As we all know, minority-owned businesses are critical to job creation and preservation in chronically underserved communities. In fact, more than 2.2 million jobs are held by persons who find themselves either directly or indirectly employed by National Minority Supplier Development Council-certified Minority Business Enterprises (MBEs). It is often difficult for many minority-owned businesses to expand and grow due to lack of financing. The 2021 Small Business Credit Survey found that Black-owned firms that applied for traditional forms of financing were least likely to receive all the financing they sought – 40 percent of white-owned firms received all the financing they sought, compared to 31 percent of Asian-owned firms, 20 percent of Hispanic-owned, and only 13 percent of Black-owned firms. This trend persists even amongst firms with comparable good credit scores. Often, Black businesses will rely on financing from alternative institutions such as minority-led CDFIs or MDIs. These institutions, which lend to Black communities at a greater rate than that of white-led and traditional financial institutions, specialize in lending to individuals, organization, and businesses in under-resourced communities. As evidence, research conducted by the Association Enterprise Opportunity showed that the wealth gap between Black and white business owners (3:1) is significantly lower than the overall Black/white wealth gap (13:1), a testament to the effectiveness of these minority-led institutions in reaching undercapitalized communities of color.
A more recent development has been the rise of financial technology (fintech) lending in the minority-owned small business space.
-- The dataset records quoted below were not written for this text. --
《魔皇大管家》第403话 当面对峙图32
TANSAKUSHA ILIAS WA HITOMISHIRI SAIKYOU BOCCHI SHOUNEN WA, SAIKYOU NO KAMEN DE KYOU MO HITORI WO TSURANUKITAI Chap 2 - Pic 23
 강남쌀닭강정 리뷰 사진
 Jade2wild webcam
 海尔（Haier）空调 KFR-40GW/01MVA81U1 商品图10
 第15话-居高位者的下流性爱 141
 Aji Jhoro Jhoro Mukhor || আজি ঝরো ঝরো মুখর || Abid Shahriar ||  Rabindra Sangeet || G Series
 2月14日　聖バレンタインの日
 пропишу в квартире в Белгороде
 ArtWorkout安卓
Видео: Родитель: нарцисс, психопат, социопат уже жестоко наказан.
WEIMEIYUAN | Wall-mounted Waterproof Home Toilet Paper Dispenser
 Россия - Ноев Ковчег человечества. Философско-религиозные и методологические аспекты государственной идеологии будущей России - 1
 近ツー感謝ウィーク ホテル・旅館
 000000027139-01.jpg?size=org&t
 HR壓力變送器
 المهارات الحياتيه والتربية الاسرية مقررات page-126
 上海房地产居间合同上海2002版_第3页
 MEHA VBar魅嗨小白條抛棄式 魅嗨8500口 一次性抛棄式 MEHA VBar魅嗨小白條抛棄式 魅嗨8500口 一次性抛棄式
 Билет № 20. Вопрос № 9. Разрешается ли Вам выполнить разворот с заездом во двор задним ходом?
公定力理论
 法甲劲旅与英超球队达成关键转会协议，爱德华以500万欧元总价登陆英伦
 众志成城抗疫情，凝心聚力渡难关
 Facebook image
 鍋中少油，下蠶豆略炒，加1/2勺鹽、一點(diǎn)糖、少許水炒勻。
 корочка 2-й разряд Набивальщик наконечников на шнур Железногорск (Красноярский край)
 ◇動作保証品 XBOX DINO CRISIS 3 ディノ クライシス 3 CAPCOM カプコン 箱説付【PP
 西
A major reason for fintech’s late success is that they, relative to traditional banks, CDFIs and MDIs, are arguably better equipped to make quick decisions regarding customer creditworthiness and offer a more seamless and efficient customer experience. Despite fintech’s role in expanding access to credit for small business, these firms present unique challenges for prospective borrowers. For instance, many fintech lenders provide borrowers with scant information about promoted loan products, often omitting critical information regarding rates, fees, and repayment schedules. Ambiguous or opaque product descriptions makes it extremely difficult for borrowers to accurately access the cost of a particular fintech product offering, thus leaving borrowers vulnerable to irresponsible lenders. Further, some fintech lenders promote predatory repayment methods, such as Merchant Cash Advances (MCA). MCAs allow the fintech lender to receive a fixed percentage of future sales until the loan is repaid; however, MCAs are often accompanied by high APRs and daily repayments, resulting in an unmanageable debt cycle for the small business owner. In the most unfortunate cases, these repayment mechanisms can result in the closure of the small business. To that end, the Alliance would support efforts to extend the federal Truth in Lending Act (TILA) APR disclosure requirement to small business owners who apply for loans and financial credit products. Finally, fintech underwriting lacks the level of transparency exercised by traditional banks, CDFIs and MDIs. Specifically, information collected by fintech lenders in underwriting small business loans could be based on race or gender, characteristics protected by fair lending laws. In turn, this could lead to small business applicants being unfairly denied or offered products at a higher APR.
Mr. Chairman and Ranking Member, I thank you for this opportunity to provide written testimony on this important topic. The Alliance believes that small businesses are America’s backbone, employing nearly half of all employees and accounting for 44 percent of economic activity in the U.S. The Alliance believes that fintech can be a positive force in expanding access to capital to small business owners who have long been excluded from or marginalized in our capital markets. However, it is imperative that the continued growth of this promising, yet nascent, industry is not stymied by a few bad actors that utilize exploitative methods to take advantage of unsuspecting entrepreneurs. Rather, there should be a commitment to making fintech a safe, predictable, and cost-effective means of finance for our nation’s entrepreneurs. We look forward to working with you in meeting that goal.